But the beautiful thing is that it wasn't a dream. It really did happen. I met some of the most beautiful people in the world, rode an elephant, and learned and relearned lessons invaluable.

I discovered the secret dimension of living is not in what you can do for others or what they can do for you, but it is in simply being. And guess what. That's not something to be feared. Though so often we, in our American lifestyles, are running around from here to there, barely resting to get to know ourselves, much less give others a chance. The simplicity of living is in being. It's in living life with others, accepting yourself in all you are, as you are, and doing the same for others. Acknowledging that we are all on a journey to our better selves that lie somewhere in the future, and until then we're all covered by the grace of the Lord. The Lord loves us, and we are all in this world together, being transformed daily for his glory. So what is there to fear in community? In the movie P.S. I Love You, Kathy Bates says "Even if we're all alone, well then we're all in that together too." The joy of community is that we are never alone. And in that there is the Lord, together with us, helping us grow, change, and bear fruit.

India did have a happy "ending," but I don't think it's as much of an ending, as a happy beginning. The beginning of something new. The Lord began to tear off deep things embedded in my heart. Things I didn't even know were there. Things that I denied were there. Things that I fought like the devil as he began to reveal them through other people. However, as long as the hidden prevails in darkness, that's it. It prevails, because if what is darkness is not brought to light, how can it be dealt with?

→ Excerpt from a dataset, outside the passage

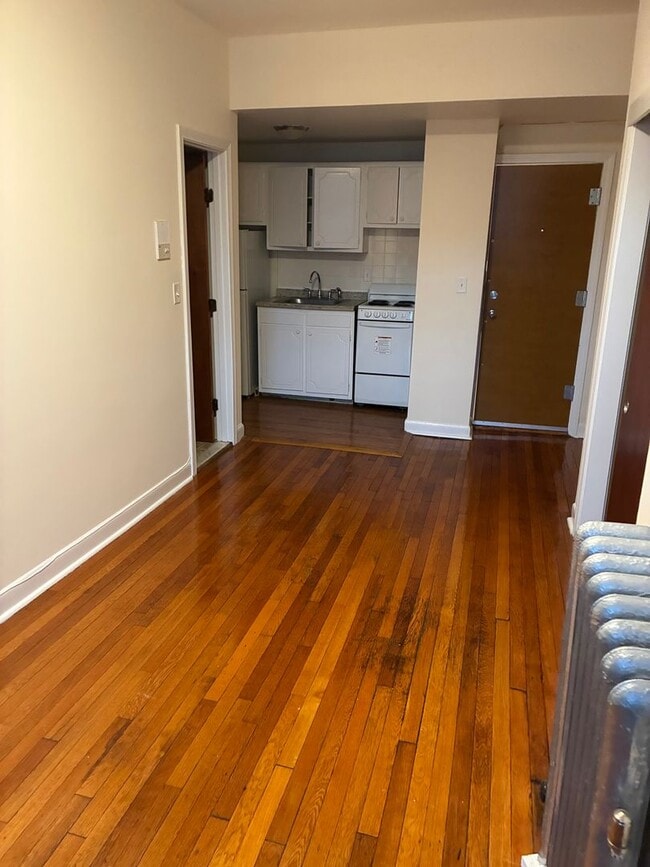 Photo - Nicely located 1 bed with heat and water i...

Through the past few years the Lord has been peeling off layers of fear. If ogres are like onions, then I must be big and green, because I have lots of layers and they keep coming off. And they'll keep coming off until I'm fearless. Walking away from India, some layers have been left behind, and the beauty of who the Lord is in me is slowly being revealed. One step away from the darkness, one step into light. I'm not finished. He's not finished, but it's a step and if even one step is made, it's worth it. I'm not the same, nor do I think I could be.

This won't be my last time in India. I am declaring that. I will be back, in the Lord's time. However, until then, I'm going to keep growing, keep seeking him, and keep being, because in that He is glorified.

Dear Readers, thank you for being apart of this journey. This is only the beginning of something great. I don't know where I'm going from here on out. All I know is that I am in Michigan and when I get back I have a place to stay for a month. For the first time in my month I don't have a plan, but I feel like that's ok. I'm at Peace. The doors will be open. The time has come for me to be. To trust. To wait. The Lord will come through. Pray for me!